Doss era un idealista, hijo de un veterano de la Primera Guerra, ahora borracho violento, interpretado por el gran Hugo Weaving, uno de los puntos más rescatables del film. Su enfrentamiento con su padre –una de las mejores subtramas del guión- es lo que lo motiva a ser fiel a la Biblia y no volver a golpear, mucho menos matar, a otra persona.
Al mejor estilo Nacido para matar, de Stanley Kubrick, Hasta el último hombre se divide en el entrenamiento en Virginia y la batalla en Okinawa. En la primera parte, Doss se debe enfrentar a todo su batallón y superiores –entre los que se incluyen Sam Worthington y Vince Vaugh, entre un elenco con más australianos que estadounidenses- para imponer su idealismo pacifista. Si no fuera tan dramatizada y discursiva, esta primera parte sola valdría la pena. Los films de juicios militares –Cuestión de honor, En defensa del honor– suelen tener una tensión increscente que genera cierto interés, y esta no es la excepción. Pero, la subtrama romántica –importante rol de Teresa Palmer- le resta ritmo e intensidad a esta parte, aún, cuando justifica de cierto modo cursi, el accionar del personaje
En la segunda etapa, Gibson despliega toda su experiencia en batalla. Es acá donde la película sufre sus mayores desaciertos. El nivel de gore, morbo y violencia es comparable a la secuencia inicial –el desembarco de Normandía- de Rescatando al soldado Ryan. Pero mientras que Spielberg demostraba la inexperiencia de los jóvenes y la inutilidad de la batalla, Gibson justifica el heroísmo y la matanza. El protagonista no mata, salva vidas, cumple su promesa, pero no tiene inconvenientes en ayudar a que sus compañeros a que destrocen a los malvados, feroces y salvajes japoneses, a los que retrata con una alarmante ausencia de humanidad, en oposición a lo que había hecho Clint Eastwood en el díptico sobre Hiroshima cuando criticaba el accionar del ejército estadounidense y humanizaba a los japoneses.

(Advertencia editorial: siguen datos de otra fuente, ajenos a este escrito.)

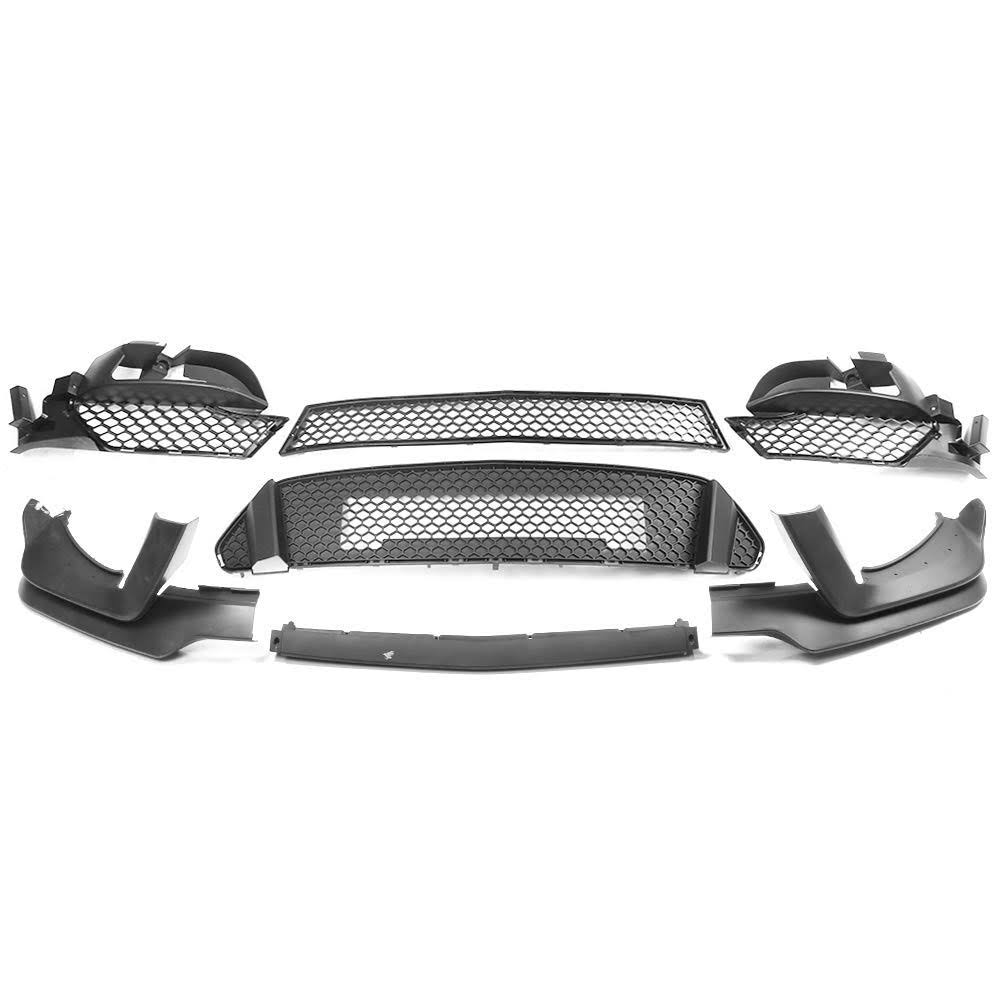 Ikon MOTORSPORTS, Front Bumper Lip u0026 Grille u0026 Fog Light Cover Compatible with 2015-2017 Ford Mustang, GT350 Style Unpain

El personaje es un hipócrita, pero Gibson lo santifica. La última media hora del film, el director canoniza a su héroe como si saliera de una estampita o un vitró. La única crítica que hace hacia el ejército es que la mayoría de los soldados no eran suficientemente religiosos para salvar más personas.
Hasta el último hombre es un film moralista y didáctico, de lo peor que ha dado Hollywood en los últimos años, camuflado de película bélica. Es terrible que sea una de las favoritas de la temporada de premios, cuando un par de años atrás la subvalorada Inquebrantable, de Angelina Jolie, pasaba sin pena ni gloria, siendo muy superior con respecto a su apuesta cinematográfica e interpretativa.
Es cierto que la tensión del primer segmento está mejor logrado, que hay cuidado estético en las batallas y las interpretaciones de Weaving y Vaugh la rescatan de no ser uno de los grandes bodrios del año, pero aún así, Hasta el último hombre, de Mel Gibson es contradictoria y carece, por momentos, de lógica narrativa; y se escuda en la placa “basada en una historia real”, para justificar el fascismo –muy digno de lo que se viene con Trump- que sigue imperando en la mentalidad autoral de su realizador, y la de muchos compatriotas estadounidenses.